MADISON Wis. — Attorneys General from across the country, including from neighboring states Minnesota, Illinois and Iowa, have joined together to oppose Donald Trump and his Education Secretary Betsy DeVos’s scheme to repeal consumer protections for student loan borrowers. In a letter to DeVos, the state top cops note how multiple investigations have revealed abuses in the servicing of student loans and how shoddy practices harm borrowers. One Wisconsin Now Executive Director Scot Ross noted that missing from the effort to protect student loan borrowers is Wisconsin Attorney General Brad Schimel.

“With his inaction Brad Schimel is taking the side of Donald Trump, a guy who settled a lawsuit for $25 million over his scam university, instead of standing with 21 fellow Attorneys General and fighting for the best interests of student loan borrowers,” commented Ross.

Donald Trump, who settled a class action lawsuit brought by students of his Trump “University” for $25 million days before his January inauguration, and his administration are repealing consumer protections for student loan borrowers by allowing debt collectors to charge borrowers exorbitant fees on top of their loan payments. In addition, rules requiring companies that service student loans to prioritize helping borrowers and abide by basic consumer service and protection standards in order to win federal contracts are also being repealed.

These anti-borrower measures are being implemented by Trump’s Secretary of Education, Michigan billionaire Betsy DeVos, whose financial portfolio includes ties to the student loan debt collection industry.

Ross noted that Schimel’s inaction to protect the consumer rights of nearly one million Wisconsin student loan borrowers comes on the eve of the five year anniversary of the total student loan debt in the United States reaching $1 trillion.

According to recent statistics there are nearly one million borrowers with $19 billion in federal student loan debt alone.
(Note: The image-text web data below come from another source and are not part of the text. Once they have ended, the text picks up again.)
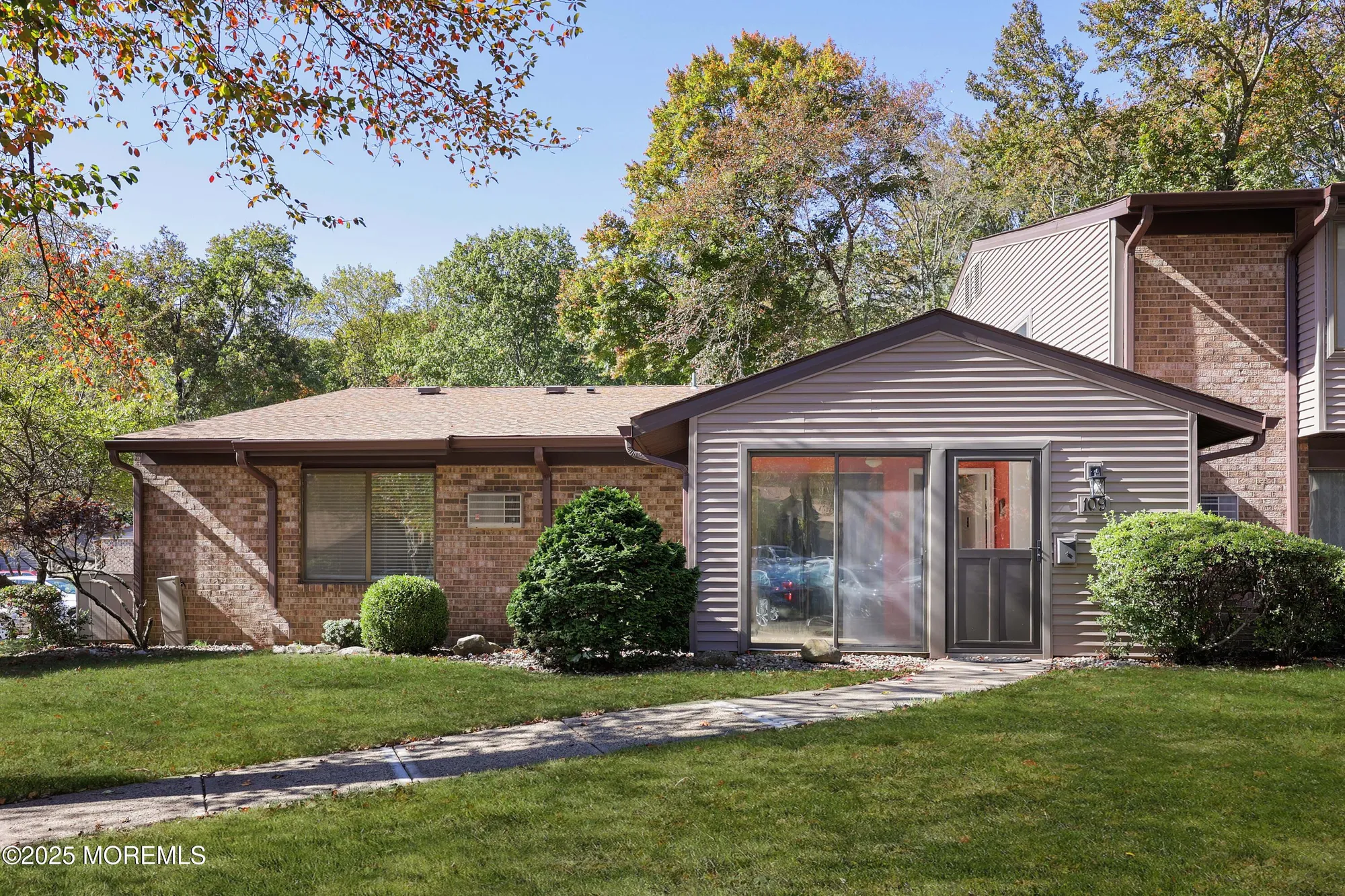 Property Slideshow image 28 of 38 | 109 lexington ct, Red Bank, NJ, 07701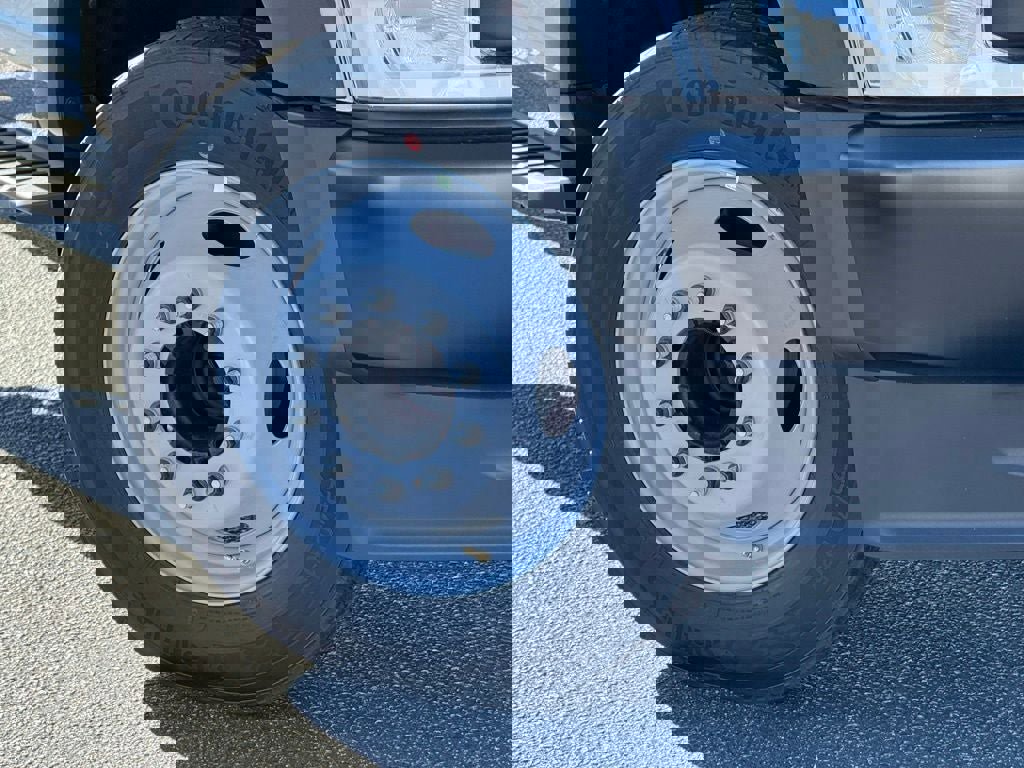 New 2026 Ford F550 2WD Regular Cab Super Duty image 9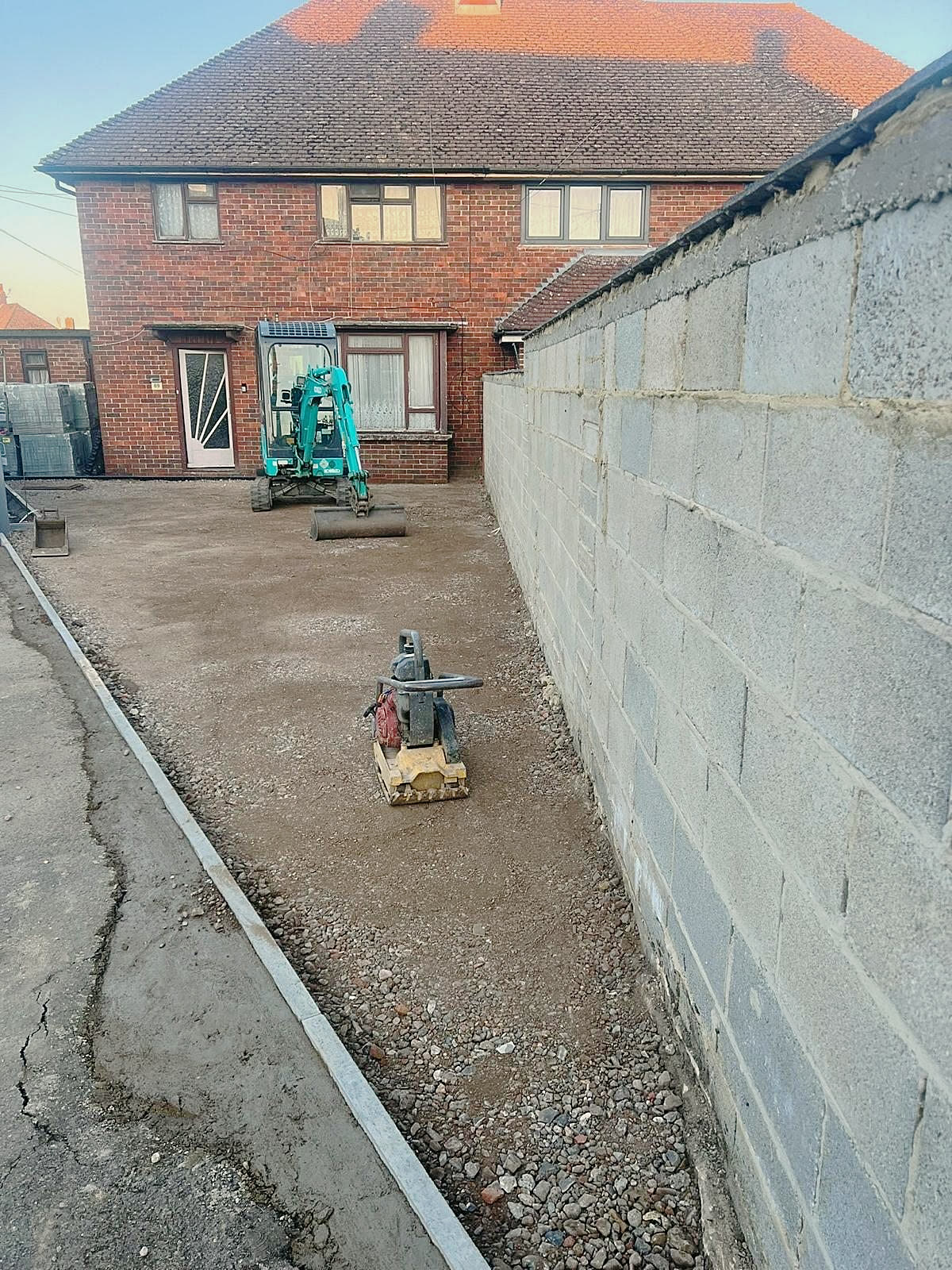 Dig-out and compaction before the sub-base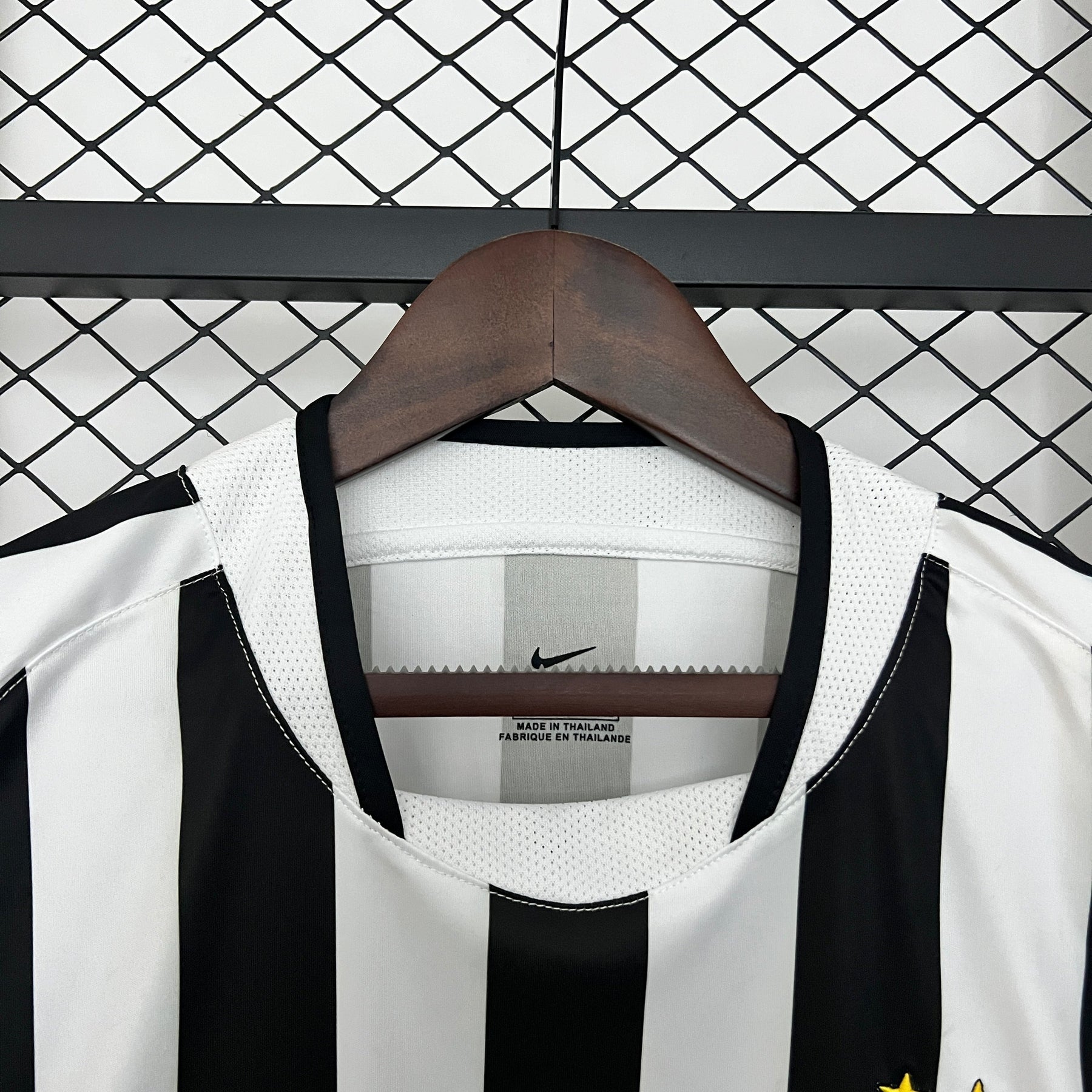 CAMISA JUVENTUS RETRÔ HOME 03/04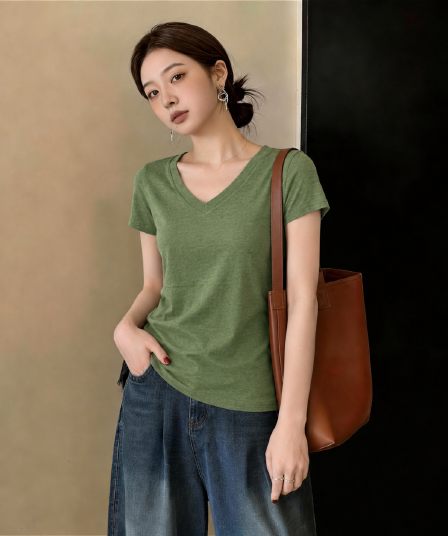 빅 사이즈 디자인 센스 얇고 가벼운 V넥 단색 눈꽃 면 반팔 티셔츠 여성 여름 다용도 맨위 통통한 여동생 200 kg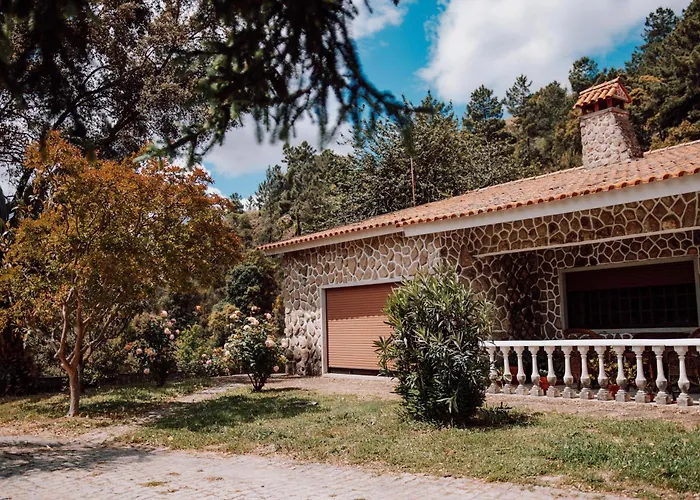 Quinta Dos Sinçais Couette-café Guarda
Wisconsin is now ranked in the top five states in the nation for percentage of college graduates with student debt at 70 percent and the average debt load is nearly $30,000.

He concluded, “Brad Schimel opened up a new $1 million department in the Attorney General’s office to sue the federal government when there was a Democrat in the White House. But now he won’t even sign his name to a letter asking a Republican to back off on stripping consumer protections from nearly one million Wisconsinites. Sad.”